How much weighs the cloud?
The question is complex, since there are no identical clouds. They differ from each other by form, dimensions, life time, height on which there are also extended, air temperature, speed of ascending movements inside the cloud.
The warmer cloud, the more usually its water content – the mass of liquid droplets and ice crystals (or the other) in 1 m³ of air. The greater the speed of ascending movements inside the cloud, the more moisture in it can be.
Let’s try to calculate how much about water is contained in one or another cloud.
Let’s start by S Thin layered clouds the lower tier, which is often tightened with the autumn and winter. In essence, these are real cloud fields up to 5-10 million km², which is approximately compared to the total area of Australia and Oceania and two to three times the territory of India. The thickness of such clouds is usually several hundred meters, water content – 0.2-0.3 g / m 3 . And contain such a giant in itself about 500-800 million tons of water.

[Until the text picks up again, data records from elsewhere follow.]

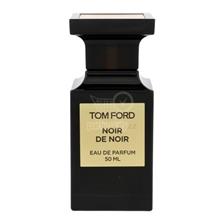 TOM FORD Noir de Noir EDP 50 ml U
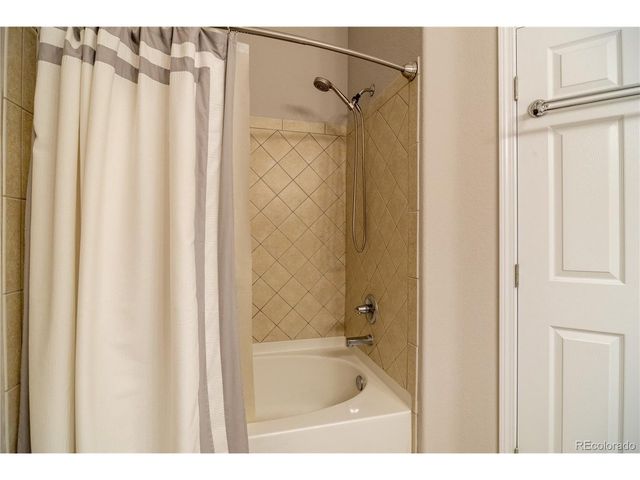 15470 Canyon Rim Dr 304, Englewood, CO 80112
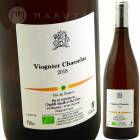 ˥㥹 [2020] ɥ᡼̡ǡߥåơʥݡ롦ơ  Domaine des Miquettes(Paul Esteve) Viognier Chasselas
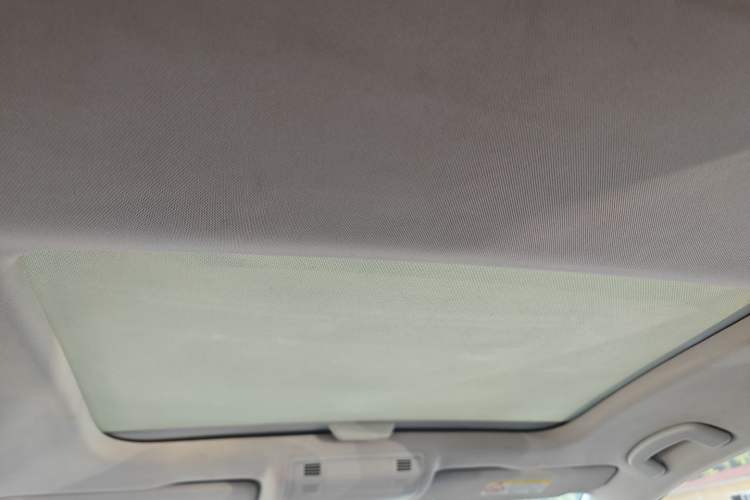 Used Volkswagen Golf 2018 230TSI Automatic Comfort Model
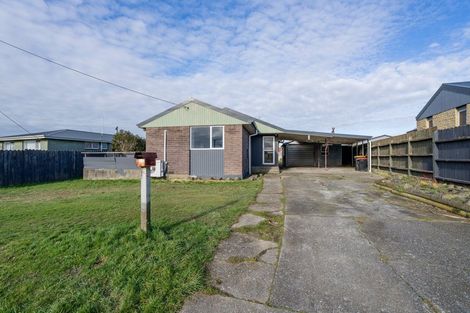 Photo of property in 67 Avon Road, Clifton, Invercargill, 9812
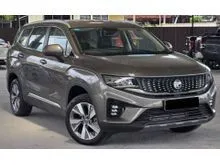 2025 Proton X90 1.5 Executive SUV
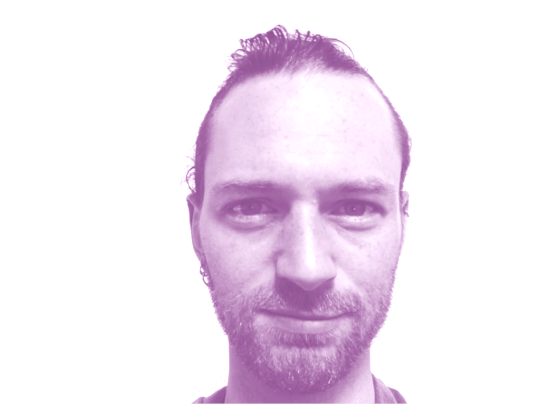 brechbühl-till_2026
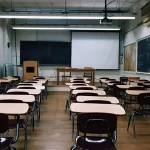 Budget Crisis Hits Washington School Districts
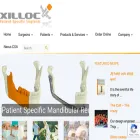 xilloc.com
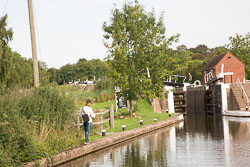 Grand_Union_Canal-1126.jpg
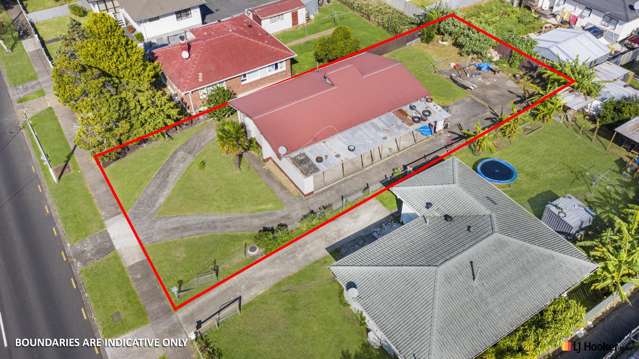 227 Bairds Road Otara_3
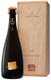 Henri Giraud Argonne 2014 In Gift Box (75cl)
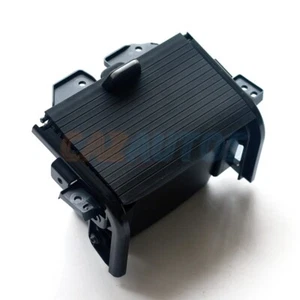 Buick Envision 2016-2020 consola central caja de almacenamiento bandeja deslizable 23273531 - Imagen 1 de 4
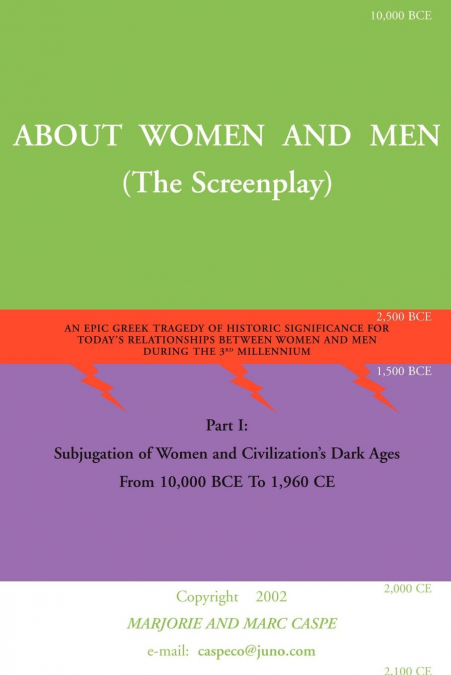 About Women and Men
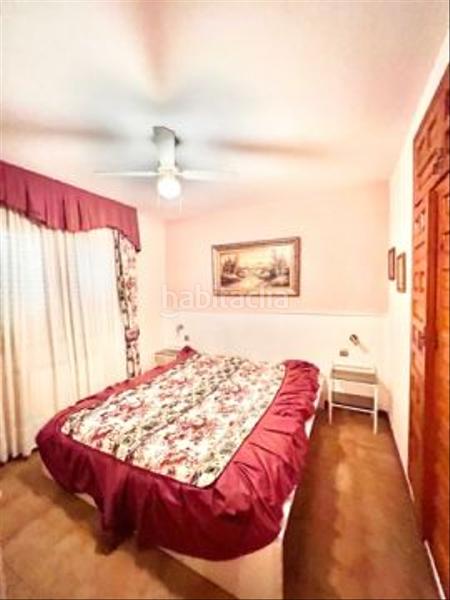 Foto e73d4496-6100-4202-86db-5d6faebddb38. Casa amb aparcament piscina a Centre Miami Platja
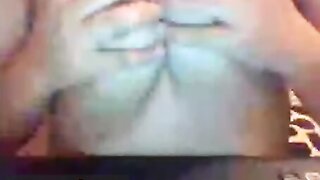 girls omegle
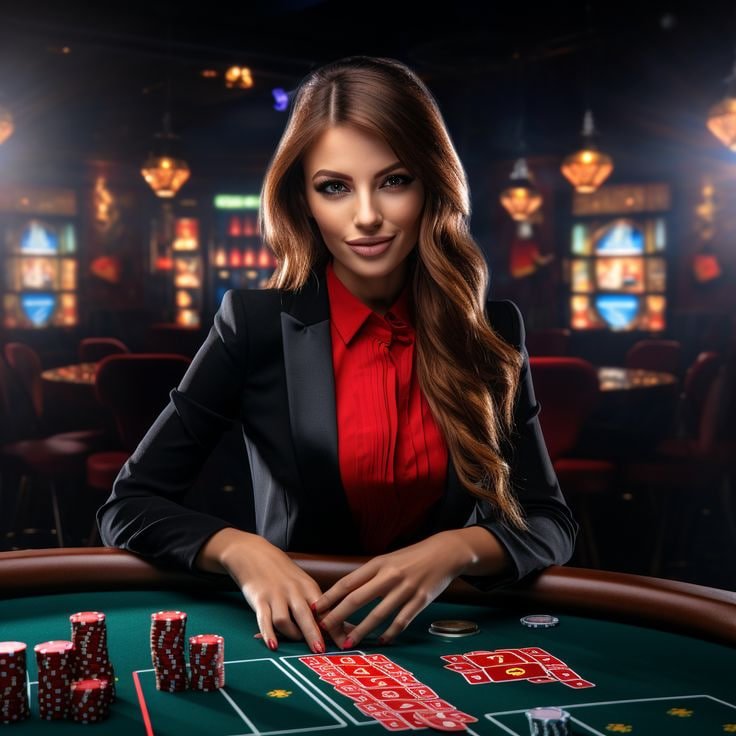 Tampilan utama platform stake88 dengan berbagai game dan taruhan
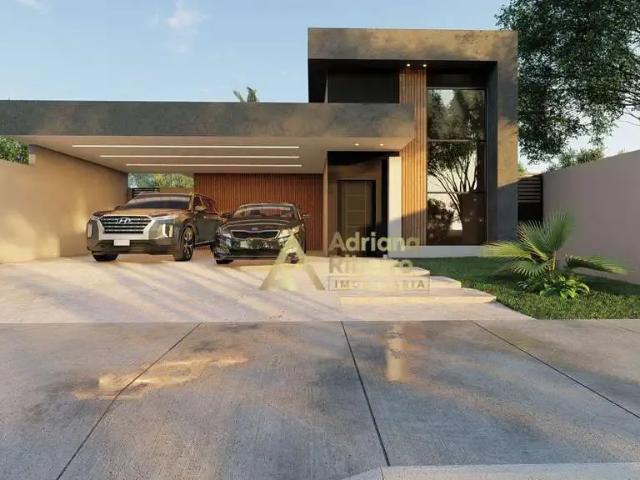 Casa venda em Região Geográfica Imediata de Cabo Frio, Cabo Frio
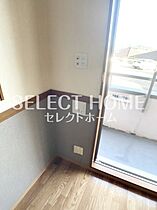 Ｙｏｕ　Ｐｅａｃｅ　ＢｌｄｇIII 302 ｜ 愛知県岡崎市若松町字西三田ケ入7番地39（賃貸マンション1K・3階・27.82㎡） その26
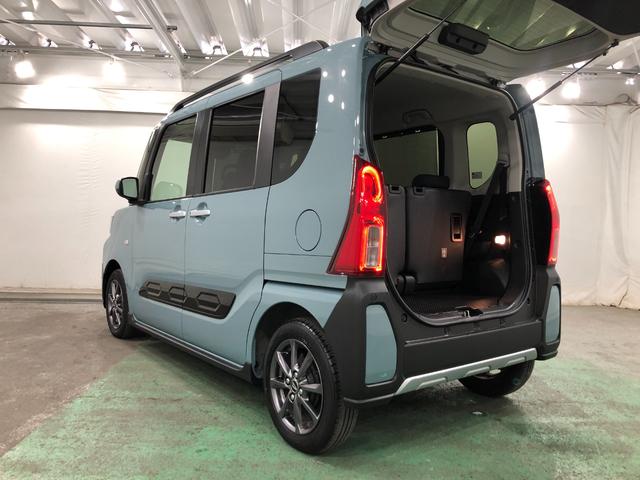 タントファンクロス 走行7070キロ/ナビ/ドラレコ/バックカメラ一年保証・走行距離無制限 走行7070キロ フルセグナビ ブルートゥース バックカメラ ドラレコ ETC クリアランスソナー オートライト LEDヘッドライト シートヒーター 両側電動スライドドア(埼玉県)の中古車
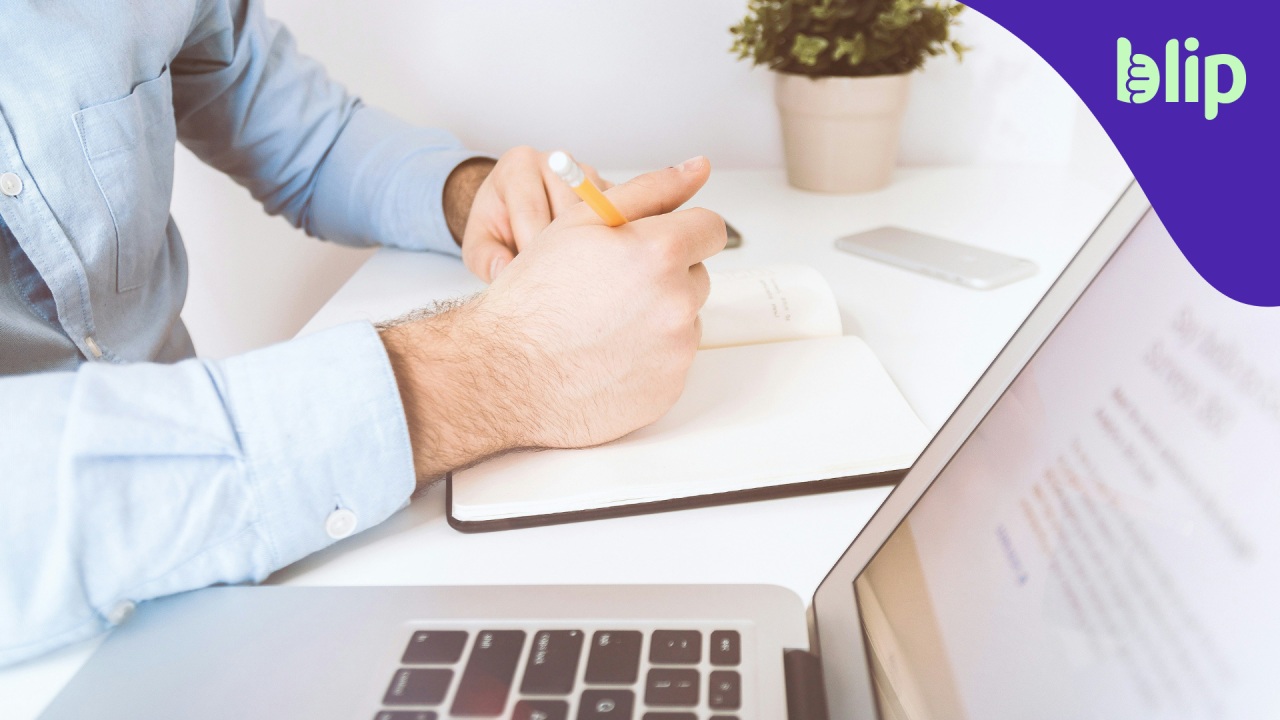 Navigating the Path to Entrepreneurship: A Guide to Starting a Small Business in the UK image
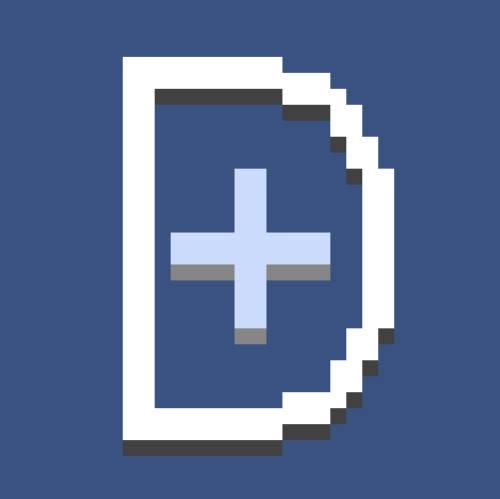 Minecraft1.19-1.16.5 STEREO's Default+ light and shadow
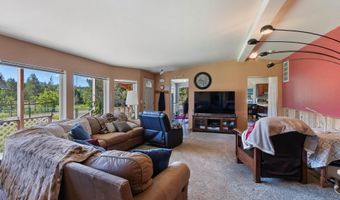 871 Foothill Dr, Athol, ID 83801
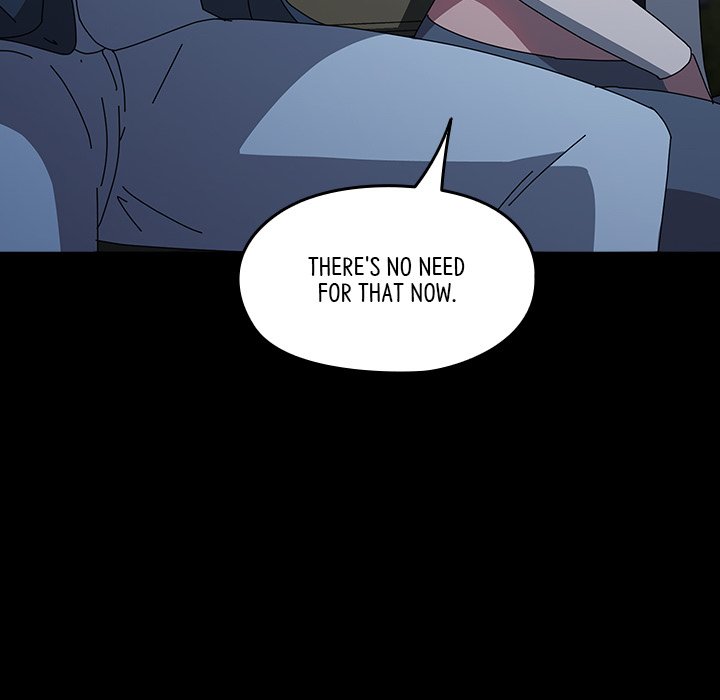 Hey Mister! Chapter 67 image 79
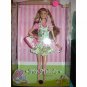 My Melody Barbie Doll
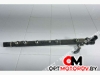 Регулирующий клапан топлива  Mercedes-Benz Vito W639 2006 A6110780442 #2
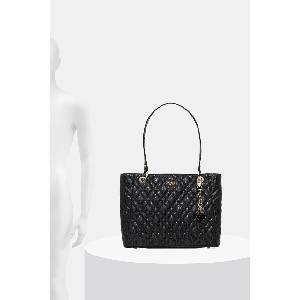 GUESS Чанта ISEMAY (HWGG96.28250) - answear - 185,78 лв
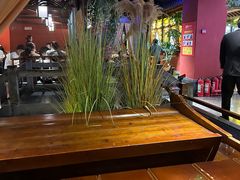 -解家河南菜(金水路店)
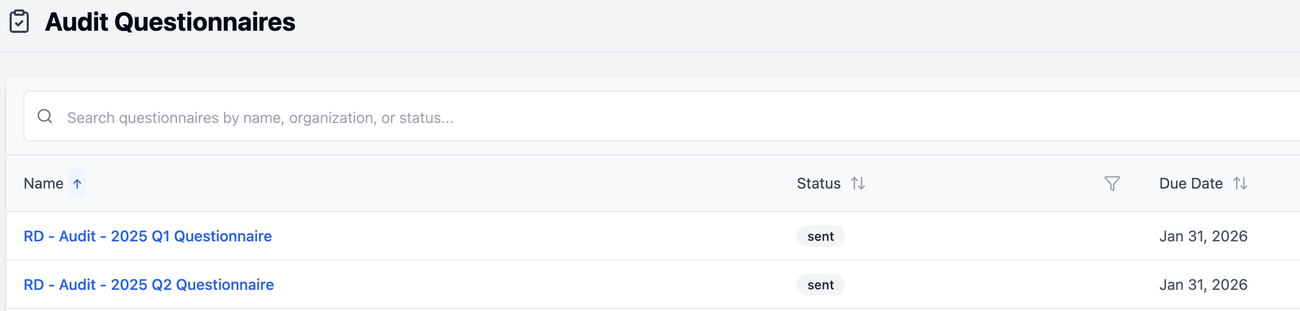 Delegate Portal Guide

Spindrift clouds inferior in size. Located at an altitude of about 7-10 km, they can close the area to 1-4 million km². For comparison: Egypt’s area is about 1 million km². The thickness of such clouds is about 1-2 km, water content (rather, ice, since they consist mostly from ice crystals) Low – about 0.01-0.03 g / m 3, due to which the filament clouds are much easier – about 30-50 million tons.
If you deposit the whole moisture from the cloud with a thickness of 1 km, a layer of water is formed only 0.3 mm
However, not all layered and pasty clouds reach as impressive sizes, and it is not always easy to understand, one is a cloud or several. From the Earth these borders are not visible at all, scientists determine them on satellite images.
WITH Head and cumulating clouds easier: their edges are visible to the naked eye. Such clouds have a small length, but they are pretty high.
In a warm sunny day we see lightweight cumulus clouds. They have a diameter of about 1-2 km and grow up about the same. Water range varies from 0.5 to 2.5 g / m 3 . Scientists have discovered a simple dependence: to determine the waterproof of a cumulus cloud, the thickness of which does not exceed 4 km, it is necessary to build a thickness into a square and divided into three.
For example, for a cloud of 2 km thick, the water purple is 1.2 kg / m 2, and for the cloud thickness and diameter 1 km – 0.3 kg / m 2 . By the way, 1 kg of water per 1 m 2 is the same millimeters in which precipitates measure. That is, if you deposit the whole moisture from the cloud with a thickness of 1 km, the water layer is formed with a thickness of only 0.3 mm.
To obtain the mass you need to multiply water from the area. For example, for a cloud with a diameter and a thickness of 2 km, the mass of the cloud will be about 4,000 tons. The cloud of diameter and thickness in 1 km weighs about 250 tons.
With powerful heap-rain clouds, the situation is more complicated, because the water content in them changes in height, although approximately varies from 1.5 to 4.5 g / m 3 . Such clouds can be extended to a height of 10 km (in the tropics and 20 km), reaching 10-30 km in diameter.
But again, scientists in due time led the pattern: if we divide the maximum water content in the vertical profile (in g / m 3) to four and multiplied to the thickness of the cloud layer (in km), you can get approximate estimates of waterpace (kg / m 2).
So, for a cloud thickness of 10 km and the maximum water capacity of 4.5 g / m 3, the waterpastes will be about 11 kg / m 2 (that is, if you deposit all the cloud, the water layer is formed just over 1 cm under it). The weight is also considered to multiply the water from the area. It turns out that a cumulus-rain cloud of such power and a diameter of 20 km will weigh about 3.5 million tons. True, modern satellite data show that these estimates are approximate.
Thus, cumulative clouds are usually much easier than cigarette and layered. There are other types of clouds, see some – Big luck. We wrote about them in the article "Top 10 rare atmospheric phenomena".